This year has been extremely travel heavy for me, the most since I’ve entered the field. I’m at the point in my post-doc where I have a good sense of the research program I want to build, so now I’ve been taking it on the road to get others excited about it and hopefully create enough interest to open up a faculty position. When this year ends, I won’t have spent a single entire month at home, with some months travelling as much as once a week. Although it’s very exciting (and sometimes exhausting), there’s a particular aspect of it I want to discuss: reimbursement culture when you’re on a budget.
I’ve mentioned before that when it comes to trans people, my modest post doc salary puts me in the higher income brackets for my community. But even so, this year I am struggling under the culture of reimbursement that academic travel entails. My finances have been a mess as I pay out of pocket for trips and wait, sometimes months, for the money I’m owed to come back.
My adviser expects me to go the reimbursement route, instead of the advance payment route, because it’s what he has always done. And as we try to stretch our grant money as far as possible, it’s been strongly encouraged (to the point of being expected) that I don’t take the full per diem, but limit it to roughly half what it should be. Each little trip shrinks my bank account more and more, and if I put any of it on a credit card I have to cover the cost of months of interest until the money comes back. Each month has come with concerns of whether the money from that trip two months ago will finally come in so that I can cover my rent without going further into debt.

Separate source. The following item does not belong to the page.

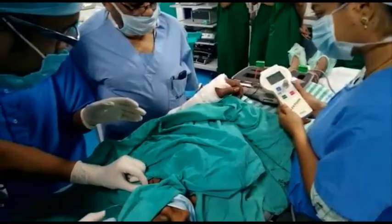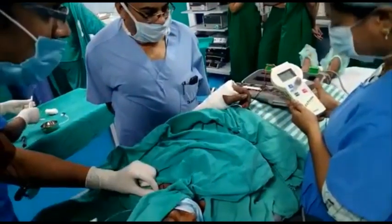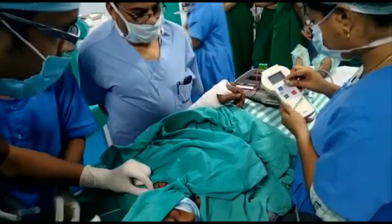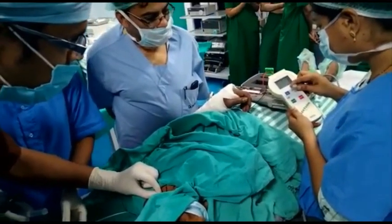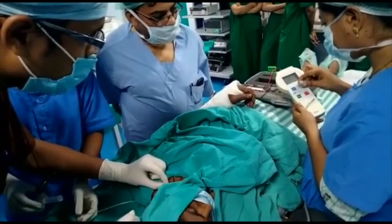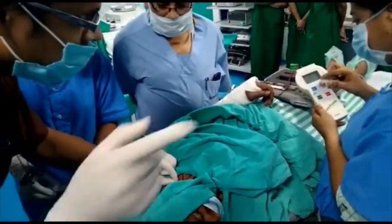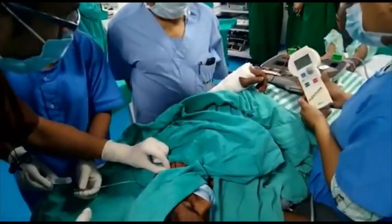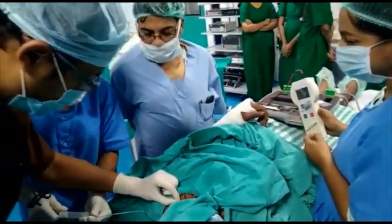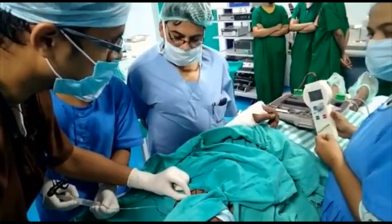Now we have to decrease the current gradually. These twitches should be present even at less than 0.5 milliampere, but should be absent at less than 0.3 milliampere. When muscle twitches are present even at less than 0.3 milliampere, it indicates intraneural placement of the needle and the needle has to be withdrawn. After negative aspiration for blood, we have to inject around 25 to 30 ml of local anaesthetic solution — either bupivacaine or ropivacaine.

I can’t help but think of how this culture further pushes underprivileged groups further away from academia. I’m lucky in that I’m only supporting myself and my spouse, and that we are both (relatively) healthy. If we were financial caretakers of our parents, or if we had children, or if we run into a medical emergency, I wouldn’t be able to do this part of my job, a part that’s extremely important to get to a tenure track position.
There are other options in place, where a university can cover the costs up-front. My graduate school was much better about this, encouraging that I go that route instead. But with different universities come different expectations, and I see the same pressure towards reimbursement being pushed on the graduate students here. They’re going to internalize this culture as ‘the way things are’ and as they develop further in their careers will be taking this problematic aspect of my PI’s methods with them.
For those of you further along your career than I am, I implore you to please make sure that up-front travel payments are an option and encourage your students and your post docs towards them. For those of you in a similar position to me, how do you deal with reimbursement culture when you’re expected to throw off your finances in order to advance your career?